| BRIEF |
Would you retype the line that contains "2027 Kia Telluride X-Line EX AWD" and all lines following it to the end of the entries below, exactly and without pictures?

Dataset excerpts:
-- -- --

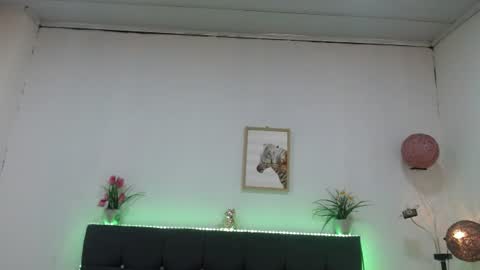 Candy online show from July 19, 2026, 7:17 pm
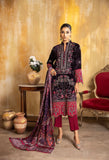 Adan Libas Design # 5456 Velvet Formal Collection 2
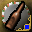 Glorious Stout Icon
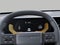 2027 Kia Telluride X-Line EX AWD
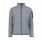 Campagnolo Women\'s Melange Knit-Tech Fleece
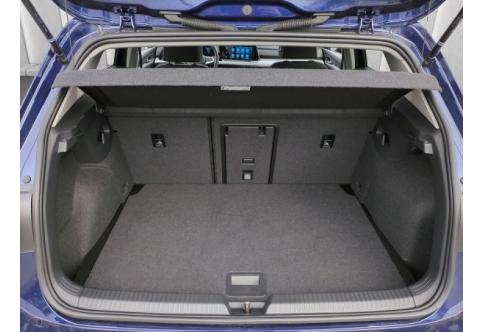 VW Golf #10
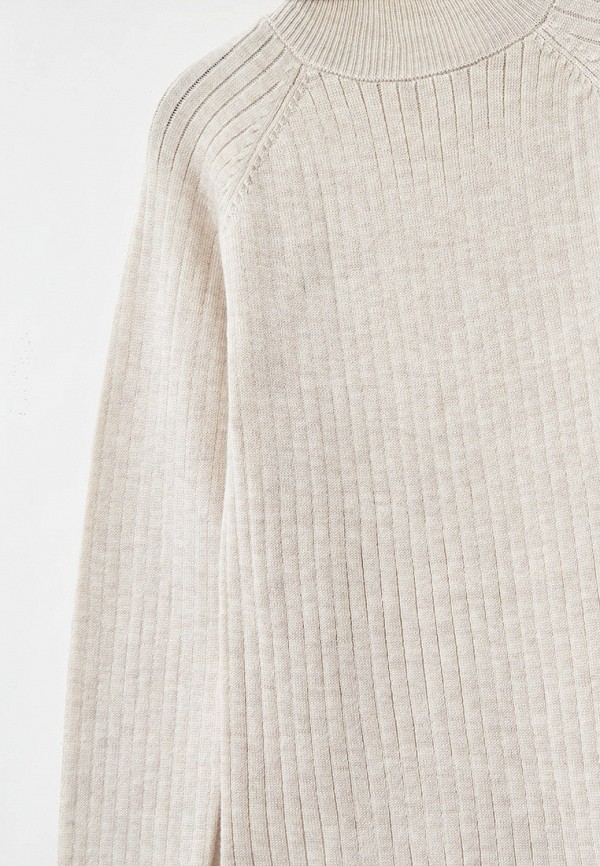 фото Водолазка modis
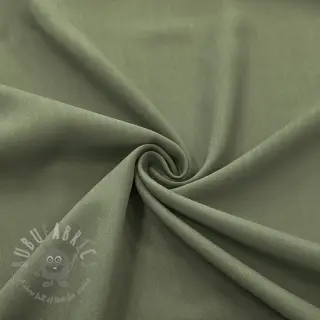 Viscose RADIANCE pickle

-- -- --

| YOUR SOLUTION |
 2027 Kia Telluride X-Line EX AWD
 Campagnolo Women\'s Melange Knit-Tech Fleece
 VW Golf #10
 фото Водолазка modis
 Viscose RADIANCE pickle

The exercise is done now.